CANTOR: Listen, George, this budget obviously has raised a lot of concerns and a lot of different areas. But let's remember what the priority should be right now. The priority should be focused on preserving and protecting creating new jobs.
I mean, I talk to small-business people in my district all the time. They're hurting right now. They're not even taking home a paycheck, and they're struggling to make the bills at the end of the month and to keep the lights on. That spells real danger for our economy.
So we need to focus our efforts to make sure that what we do in Washington does one thing and one thing first, and that is to focus on economic growth.
STEPHANOPOULOS: So the president...
CANTOR: And this budget -- this budget will have -- we will have to work on this budget a lot in order to get this spending plan into that type of focus.
STEPHANOPOULOS: So let me go back to the same question: Will any Republicans vote for this budget? CANTOR: Well, George, as you know, you know, this budget has to make its way through the House. And, again, we want to work with this president. We want people to regain their confidence in Washington. And what people are looking for is results.
Again, go back to that small-business person. People are hurting. They're looking for policies that finally will institute job growth, not just transfers of wealth.

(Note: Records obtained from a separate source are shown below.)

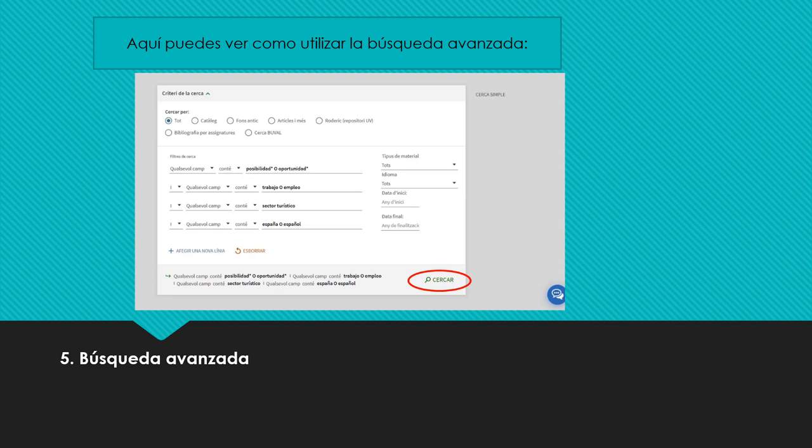Coloca les paraules clau que t'interessen, unides amb els operadors booleans. Si escrius tu a la casella l'operador, recorda que sempre va amb majúscula: trabajo o empleo. Pots utilitzar comodins per ampliar la cerca.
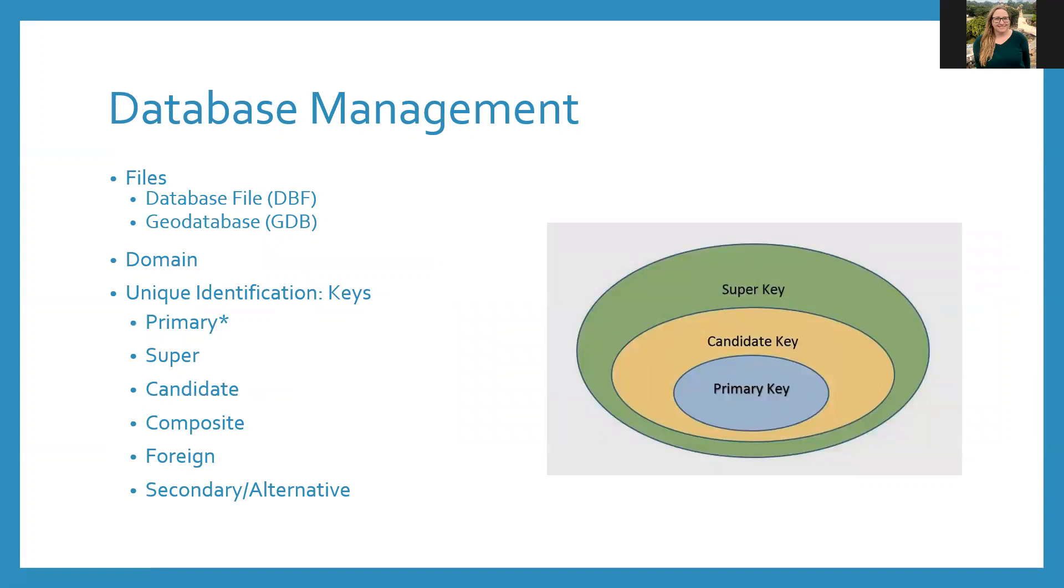I just want you to dip your toes into database management. Databases are just a fancy word for tables that are connected to other tables based on the same values. Say you have a table of all the counties in Tennessee with their population counts, and then another table with Tennessee county tree density data. Because both have county information, they could be joined to create a database. Database files are in all GIS data files.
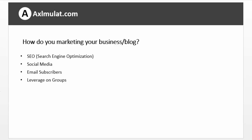How do you market your business or blog? Do you have an idea for beginners? So we will do SEO in the next chapter in this series, Search Engine Optimization, Posting Social Media, Email Subscribers, Leverage on Groups.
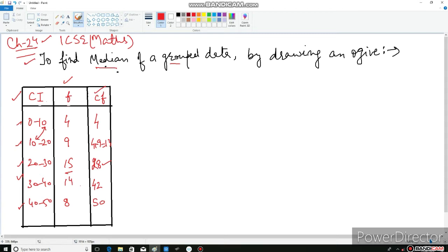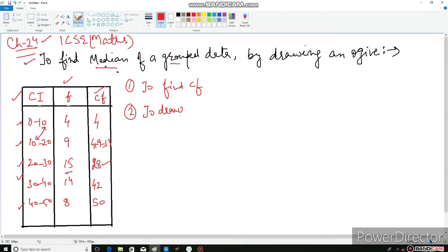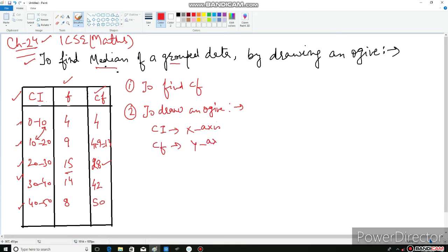After finding the cumulative frequency, the next step is to draw an ogive. Whenever we draw something, we always need a graph paper — that is the most important thing. You may also hear it pronounced as 'ogive' — both are correct. To draw an ogive, we must know what to take on the x-axis and what to take on the y-axis. Always take class intervals on the x-axis and cumulative frequency on the y-axis.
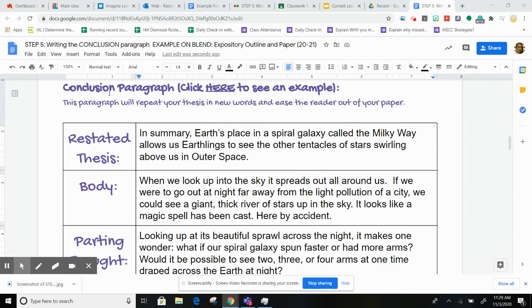Hi guys! This is the conclusion paragraph, and this paragraph will repeat your thesis in new words and ease the reader out of your paper.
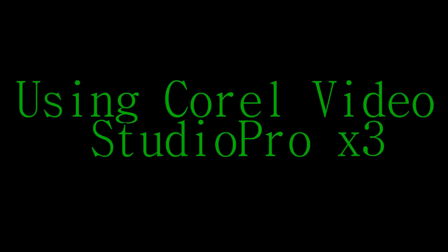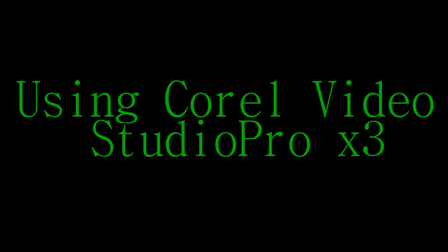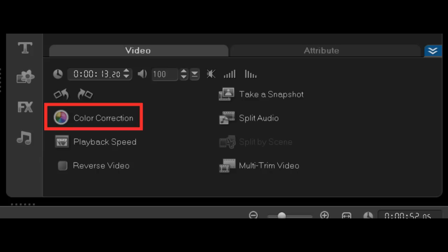So I'm going to teach you how to do this with the Corel Video Studio Pro x3. This is the main screen that you'll be looking at when you're editing. You want to right-click on the video and go to Options, then click on Color Correction. That will bring up these options that we're going to look at.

And what we see in this budget, frankly, is an attempt, again, to try and stimulate the economy through government expenditure. And, you know, at best what that can do is redistribute wealth. It can't create jobs; it can't create wealth. We've got to get back to focusing on job creation and creating prosperity.
STEPHANOPOULOS: So it's clear that you're against this budget. You're not going to make a prediction. But let me move on to the broader political question here. Right now, you've made your views on -- on the economy, on these proposals pretty clear, but the public seems to be siding with President Obama. His approval rating is still quite high on the economy itself.
Who do you trust to handle the economy? According to our ABC News poll, 61 percent say they trust President Obama. Only 26 percent trust the Republican Party. That's the largest gap we've seen in a generation.
On who's reaching out to the other side, 73 percent say that President Obama is reaching out to work with the Republicans, but only 34 percent think that Republicans are reaching out to work with the president.
Are you worried that the impression that you're not working with the -- the president, you're not trusted on the economy, and you're rooting for him to fail is going to burn in and be burned in and locked in with the American public?
CANTOR: George, nobody -- no Republican, no Democrat -- wants this president to fail, nor do they want this country to fail or the economy to fail. What we did in the House during the first weeks of the stimulus debate is to come up with a plan. I personally handed that plan to President Obama at his suggestion. He said, "Bring us your ideas."